[Author's Edition, extracted from Bulletin of the American Museum of
Natural History, Vol. IX, September 28, 1897.]


ARTICLE XIX.--DESCRIPTION OF A NEW VESPERTILIONINE BAT FROM YUCATAN.


By J.A. ALLEN.


In a small collection of mammals recently sent by Dr. G.F. Gaumer from
Izamal, Yucatan, to this Museum for identification, is a single
specimen of a species of _Adelonycteris_, which appears to be
undescribed. It may be called

ADELONYCTERIS GAUMERI, sp. nov.

     Above dark brown, with an olivaceous wash, the fur being
     uniform dark brown to the base tipped with a slight tinge of
     olivaceous, the extreme tip slightly grayish in certain
     lights; below much lighter, the fur being dark brown basally
     and broadly tipped with pale buffy gray; ears and membranes
     black, naked, and with no trace of a whitish border. Ears of
     medium size, rather thin, evenly convex on the front border,
     slightly hollowed on the posterior border below the rounded
     posteriorly directed tip; tragus long and rather narrow,
     pointed, equal to half the height of the ear. Face
     semi-nude, about as in _A. fusca_.

     _Measurements._--"Length, 95 mm.; expanse, 286; wing, 124;
     tail, 40";[1] ear, 21; tragus, 11; fore arm, 39; thumb, 7;
     3d digit, 79 = phal. i, 37, phal. ii, 24; phal. iii, 11;
     phal. iv, 7; tibia, 70; foot, 8.

     [Footnote 1: Collector's measurements from the fresh
     specimen; the rest are from the dry skin.]

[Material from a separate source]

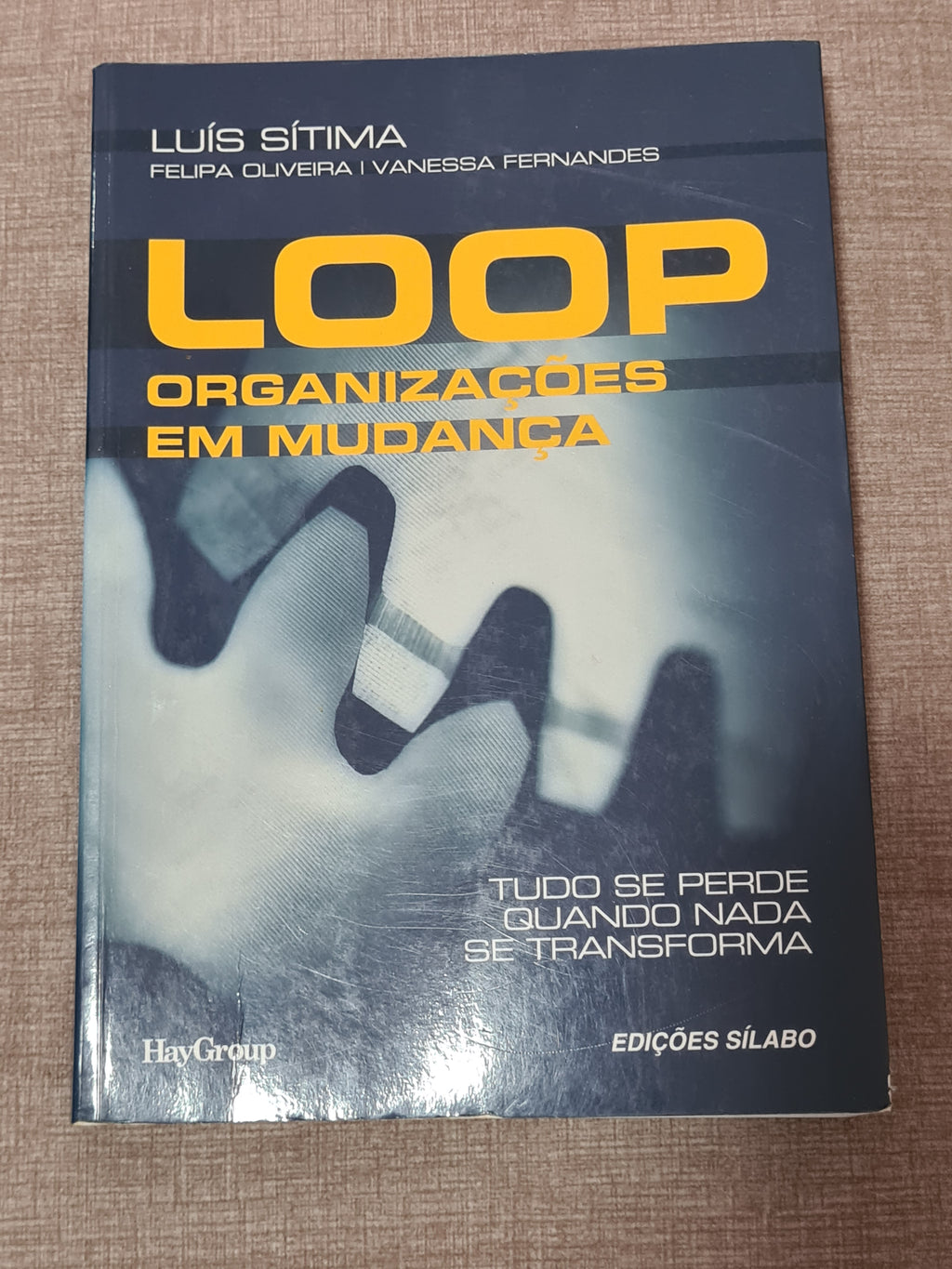Loop Organizações em mudança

     _Skull._--Similar in a general way to that of _A. fusca_,
     but about one-half smaller. Middle inner upper incisors
     considerably worn, and the ridges for muscular attachment
     strongly developed, indicating an old individual. Greatest
     length (front base of incisors to end of crest), 18; mastoid
     breadth, 8.3; zygomatic breadth, 10.1; interorbital breadth,
     4; length of molar-premolar series, 4.2; palatal length,
     5.3.

     _Type_, No. 12753/11040, [female symbol] ad., Izamal,
     Yucatan; collected by Dr. George F. Gaumer, for whom the
     species is named.

In coloration _Adelonycteris gaumeri_ resembles examples of _A. fusca_
in immature dark pelage, but it differs from this species in the
thinness of the ears, and in the greater relative length of the
narrower and more tapering tragus, and in its very much smaller size.
In size it resembles both _'Vesperugo' propinquus_ Peters and _V.
(Marsipolæmus) albigularis_ Peters, respectively from Guatemala and
Mexico. The peculiar structure of the ears, to say nothing of the
coloration, in _V. albigularis_, render comparison with this species
unnecessary. _V. propinquus_ is described as reddish above, paler and
more reddish yellow below, and in this respect is widely different
from _A. gaumeri_. It has also a longer thumb and foot than _A.
gaumeri_.

The type and only specimen of this species has been kindly presented
by Dr. Gaumer to this Museum, with other specimens of Yucatan mammals.